The hard landscaping around the new museum was supplied by Hardscape, which opened its first Scottish office in Edinburgh in February this year, although Aidan Baun, who now works from that office, already covered Scotland for Hardscape before the opening and says most of the stone for the V&A was supplied before the office in Edinburgh opened.
Hardscape also won the contract to supply the 1,200m2 of stone for the interior floors. The company is best known as a hard landscaping supplier, although Aidan says he is trying to get more internal flooring work. As Kilkenny Limestone was chosen for the floor and Hardscape supply it in the UK, it is understandable that te company was involved.

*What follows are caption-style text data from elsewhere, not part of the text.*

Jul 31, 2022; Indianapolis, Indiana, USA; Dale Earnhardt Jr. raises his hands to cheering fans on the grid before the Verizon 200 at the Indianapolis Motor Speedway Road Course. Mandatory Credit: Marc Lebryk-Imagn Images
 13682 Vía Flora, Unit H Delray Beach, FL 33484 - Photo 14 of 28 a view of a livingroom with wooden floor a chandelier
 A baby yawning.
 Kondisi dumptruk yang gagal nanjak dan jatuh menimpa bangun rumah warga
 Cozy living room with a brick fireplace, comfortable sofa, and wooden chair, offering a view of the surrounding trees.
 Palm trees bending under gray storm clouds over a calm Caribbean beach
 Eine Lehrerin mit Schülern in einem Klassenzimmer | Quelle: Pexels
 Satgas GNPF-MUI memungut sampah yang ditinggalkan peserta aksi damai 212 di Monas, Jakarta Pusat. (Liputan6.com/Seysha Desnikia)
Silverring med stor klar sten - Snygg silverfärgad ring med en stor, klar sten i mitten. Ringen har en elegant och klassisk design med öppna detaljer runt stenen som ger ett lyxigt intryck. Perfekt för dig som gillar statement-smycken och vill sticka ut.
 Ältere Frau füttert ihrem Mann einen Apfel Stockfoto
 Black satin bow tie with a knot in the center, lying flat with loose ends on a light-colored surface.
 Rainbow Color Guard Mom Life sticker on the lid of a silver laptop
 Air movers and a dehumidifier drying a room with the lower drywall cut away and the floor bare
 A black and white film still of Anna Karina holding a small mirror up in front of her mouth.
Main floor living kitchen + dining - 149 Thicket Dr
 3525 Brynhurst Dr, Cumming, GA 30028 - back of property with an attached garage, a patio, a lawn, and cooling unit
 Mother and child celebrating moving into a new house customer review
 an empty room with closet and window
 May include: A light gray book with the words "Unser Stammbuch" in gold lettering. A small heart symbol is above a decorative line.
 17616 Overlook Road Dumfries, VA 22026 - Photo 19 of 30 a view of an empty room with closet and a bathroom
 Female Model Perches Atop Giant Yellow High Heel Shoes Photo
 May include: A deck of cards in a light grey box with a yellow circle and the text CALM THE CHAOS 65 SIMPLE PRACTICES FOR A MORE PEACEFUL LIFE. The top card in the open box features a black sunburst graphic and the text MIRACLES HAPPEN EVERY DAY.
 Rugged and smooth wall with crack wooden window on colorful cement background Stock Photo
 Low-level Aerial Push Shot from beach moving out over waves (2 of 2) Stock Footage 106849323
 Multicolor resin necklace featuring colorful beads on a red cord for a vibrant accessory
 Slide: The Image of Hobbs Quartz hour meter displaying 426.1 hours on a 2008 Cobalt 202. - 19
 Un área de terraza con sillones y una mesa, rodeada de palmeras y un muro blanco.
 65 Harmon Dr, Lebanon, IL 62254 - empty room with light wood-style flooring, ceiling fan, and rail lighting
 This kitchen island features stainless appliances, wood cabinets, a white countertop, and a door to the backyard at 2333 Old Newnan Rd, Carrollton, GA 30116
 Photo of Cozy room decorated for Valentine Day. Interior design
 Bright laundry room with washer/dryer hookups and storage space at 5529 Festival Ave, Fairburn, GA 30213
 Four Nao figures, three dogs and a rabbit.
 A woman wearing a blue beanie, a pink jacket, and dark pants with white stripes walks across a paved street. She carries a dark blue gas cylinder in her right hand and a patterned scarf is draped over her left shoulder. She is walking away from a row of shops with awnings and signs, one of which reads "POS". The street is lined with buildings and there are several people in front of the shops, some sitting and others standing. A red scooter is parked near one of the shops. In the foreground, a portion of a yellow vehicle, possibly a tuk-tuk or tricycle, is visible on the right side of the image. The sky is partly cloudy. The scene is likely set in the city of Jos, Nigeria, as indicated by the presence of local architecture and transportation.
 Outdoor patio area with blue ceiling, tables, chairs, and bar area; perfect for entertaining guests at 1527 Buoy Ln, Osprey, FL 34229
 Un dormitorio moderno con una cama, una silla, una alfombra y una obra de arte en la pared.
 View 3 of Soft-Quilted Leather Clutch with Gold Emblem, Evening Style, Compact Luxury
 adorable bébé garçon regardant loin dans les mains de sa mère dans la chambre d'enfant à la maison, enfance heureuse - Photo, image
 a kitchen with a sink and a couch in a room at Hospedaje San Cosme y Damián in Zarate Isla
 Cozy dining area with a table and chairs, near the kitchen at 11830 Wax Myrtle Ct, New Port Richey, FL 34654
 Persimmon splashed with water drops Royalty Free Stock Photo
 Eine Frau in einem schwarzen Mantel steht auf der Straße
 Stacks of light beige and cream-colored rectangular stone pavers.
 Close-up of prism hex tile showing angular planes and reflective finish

Hardscape also supplied a variety of materials for the 6,000m2 of hard landscaping at the new V&A Museum. The majority was its Kobra Chinese granite in various forms. The paving consists of 300mm wide units in various lengths to give a plank-like feature. The setts are 147mm x 300mm to allow them to work dimensionally with the 300mm wide planks.
There are also numerous benches in honed Kobra granite across the site.
The most complicated part of the scheme was the detail required around the water feature’s. There are three of them, involving a corduroy tactile element, a cladding facing piece, and a coping. Joints all had to line up on a radius. Hardscape was responsible for the detailing of more than 600 individual stones in each of the water features.
The company also continued a palette of materials it had supplied to the earlier Slessor Gardens phase of work at Dundee Waterfront. This included a three granite blend in the carriageway, comprising Pheno Grey, Jinan Blue, and Teezal granite.
Hardscape supplied tiling to the Museum itself. These are 300mm wide Carlow Blue Limestone planks specified to tie the internal and external schemes together.
The landscape architect at the V&A was Open (optimised environments) in Edinburgh and the stone was laid by civil engineer Careys at a cracking speed of up to 70-80m2 a day by two teams.
The V&A is part of a £1billion regeneration of this area of the River Tay, including the Slessor Gardens opposite.
Internal flooring in Kilkenny limestone was also supplied by Hardscape.